Generic Pod Fault Workflow
This topic describes the flow of control when you execute a generic Kubernetes pod experiment in Harness Chaos Engineering.
The diagram below describes the flow of control for a generic Kubernetes pod experiment.
Step 1: Design and Launch an Experiment
You (the user) define the chaos experiment in the Chaos Control Plane. This includes configuring the fault type, duration, target application, and other parameters.
Step 2. Chaos Agent Picks Experiment
The Chaos Agent (or Subscriber) detects the new experiment and claims it.
Step 3. Apply Chaos Experiment
The agent/subscriber applies the Custom Resource (CR) YAML, which includes:
- Security Context Constraints (permissions required for execution)
- Fault parameters (for example, pod delete, network latency)
- Application details (target app)
Step 4. Controllers Create Helper Pods
- The controllers watch the CR and create Just-In-Time (transient) chaos helper pods (if required) on the same node as the target application container.
- For chaos faults such as pod-level CPU/memory stress, and network disruptions, helper pods are created.
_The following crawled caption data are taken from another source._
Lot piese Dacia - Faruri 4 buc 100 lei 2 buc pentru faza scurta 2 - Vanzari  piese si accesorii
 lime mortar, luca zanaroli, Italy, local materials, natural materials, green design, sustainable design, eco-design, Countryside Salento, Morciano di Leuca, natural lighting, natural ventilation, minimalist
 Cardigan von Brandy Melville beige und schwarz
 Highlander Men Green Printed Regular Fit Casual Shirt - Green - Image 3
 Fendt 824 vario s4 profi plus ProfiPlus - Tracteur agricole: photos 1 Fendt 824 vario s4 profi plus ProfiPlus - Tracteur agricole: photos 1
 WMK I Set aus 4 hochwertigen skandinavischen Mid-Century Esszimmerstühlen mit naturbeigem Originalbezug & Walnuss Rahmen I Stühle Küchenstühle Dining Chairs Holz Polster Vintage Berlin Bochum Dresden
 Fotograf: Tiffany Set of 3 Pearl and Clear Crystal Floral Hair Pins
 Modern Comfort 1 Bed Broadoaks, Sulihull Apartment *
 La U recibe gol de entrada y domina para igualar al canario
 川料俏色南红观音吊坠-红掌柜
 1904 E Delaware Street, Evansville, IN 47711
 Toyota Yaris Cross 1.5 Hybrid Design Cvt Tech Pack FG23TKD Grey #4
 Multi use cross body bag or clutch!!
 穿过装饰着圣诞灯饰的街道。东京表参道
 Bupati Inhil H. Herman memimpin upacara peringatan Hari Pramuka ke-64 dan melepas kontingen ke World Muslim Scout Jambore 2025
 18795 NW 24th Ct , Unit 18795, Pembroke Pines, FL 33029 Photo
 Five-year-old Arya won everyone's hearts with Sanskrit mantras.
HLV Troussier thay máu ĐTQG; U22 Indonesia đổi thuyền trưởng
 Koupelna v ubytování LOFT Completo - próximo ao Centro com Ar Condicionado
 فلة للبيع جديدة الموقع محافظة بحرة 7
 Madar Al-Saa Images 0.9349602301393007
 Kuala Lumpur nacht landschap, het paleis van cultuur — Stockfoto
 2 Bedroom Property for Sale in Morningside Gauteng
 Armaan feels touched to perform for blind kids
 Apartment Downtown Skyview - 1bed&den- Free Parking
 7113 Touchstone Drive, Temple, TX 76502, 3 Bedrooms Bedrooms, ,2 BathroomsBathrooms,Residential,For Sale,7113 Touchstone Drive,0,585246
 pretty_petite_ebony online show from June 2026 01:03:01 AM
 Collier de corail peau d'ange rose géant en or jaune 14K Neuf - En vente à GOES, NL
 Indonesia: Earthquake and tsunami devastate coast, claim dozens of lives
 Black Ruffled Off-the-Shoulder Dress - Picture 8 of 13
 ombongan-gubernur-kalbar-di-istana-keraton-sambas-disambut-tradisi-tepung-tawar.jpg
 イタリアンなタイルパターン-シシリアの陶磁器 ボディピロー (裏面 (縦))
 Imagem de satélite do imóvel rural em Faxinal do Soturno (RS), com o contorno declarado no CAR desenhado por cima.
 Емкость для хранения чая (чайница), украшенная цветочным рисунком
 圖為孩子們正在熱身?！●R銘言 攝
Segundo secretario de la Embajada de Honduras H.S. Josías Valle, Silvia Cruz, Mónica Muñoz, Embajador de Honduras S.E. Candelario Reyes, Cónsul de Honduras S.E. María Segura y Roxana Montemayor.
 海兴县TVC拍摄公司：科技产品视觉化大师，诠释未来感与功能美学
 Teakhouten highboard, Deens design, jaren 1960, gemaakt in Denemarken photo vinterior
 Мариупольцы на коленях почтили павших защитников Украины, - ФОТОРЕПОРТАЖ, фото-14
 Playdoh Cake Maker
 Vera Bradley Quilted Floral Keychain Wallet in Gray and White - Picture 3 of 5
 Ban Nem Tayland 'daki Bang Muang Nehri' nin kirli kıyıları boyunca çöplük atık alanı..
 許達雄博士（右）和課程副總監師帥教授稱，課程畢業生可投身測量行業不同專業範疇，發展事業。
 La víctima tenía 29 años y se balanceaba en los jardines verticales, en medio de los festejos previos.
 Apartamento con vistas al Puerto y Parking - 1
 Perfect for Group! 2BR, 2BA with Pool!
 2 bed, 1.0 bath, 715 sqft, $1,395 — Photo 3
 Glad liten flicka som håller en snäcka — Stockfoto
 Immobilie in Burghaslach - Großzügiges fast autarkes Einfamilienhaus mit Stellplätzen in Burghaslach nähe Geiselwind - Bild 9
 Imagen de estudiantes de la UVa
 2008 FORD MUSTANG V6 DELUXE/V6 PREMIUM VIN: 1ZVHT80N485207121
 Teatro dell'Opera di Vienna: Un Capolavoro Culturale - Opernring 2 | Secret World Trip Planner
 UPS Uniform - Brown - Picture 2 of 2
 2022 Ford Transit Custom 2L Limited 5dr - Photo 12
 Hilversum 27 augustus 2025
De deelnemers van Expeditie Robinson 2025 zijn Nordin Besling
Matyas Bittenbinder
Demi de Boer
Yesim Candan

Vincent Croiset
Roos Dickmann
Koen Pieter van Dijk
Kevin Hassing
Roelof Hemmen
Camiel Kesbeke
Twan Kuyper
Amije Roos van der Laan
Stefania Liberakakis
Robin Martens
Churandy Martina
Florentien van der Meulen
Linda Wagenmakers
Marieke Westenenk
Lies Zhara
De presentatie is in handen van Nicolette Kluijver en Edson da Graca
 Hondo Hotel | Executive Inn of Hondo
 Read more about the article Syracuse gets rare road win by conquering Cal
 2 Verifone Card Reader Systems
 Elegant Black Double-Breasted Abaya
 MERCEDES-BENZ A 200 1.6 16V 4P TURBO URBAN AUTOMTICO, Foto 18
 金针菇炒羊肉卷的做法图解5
However, for faults that rely on kube-api operations (such as pod-delete and pod-autoscaler), helper pods are not created.
Step 5. Inject Fault into Application
- The helper pod runs in the same namespace as the target application and executes the chaos process (for example, increases CPU usage). Here, the Security Context Constraints (like
RUNASANY
,PRIVILEGED
,NET_ADMIN
,SYS_ADMIN
,ALLOW_HOSTPATH_MOUNT
, andHOST_PID
, ) are mapped with the chaos Service Account.
Step 6. Target Application Experiences Chaos Impact
The target application container (inside the pod) is affected by the chaos fault. The impact is contained within the target pod’s namespace, ensuring:
- Other pods on the node remain unaffected.
- Node-level services remain operational.
In faults that don't use helper pods, chaos is usually reverted/removed automatically.
In faults where helper pods are created, these pods are removed once the chaos duration is complete. By the end of this process, the subscriber sends back the results of the chaos experiment to the control plane and continues to poll for new experiment tasks.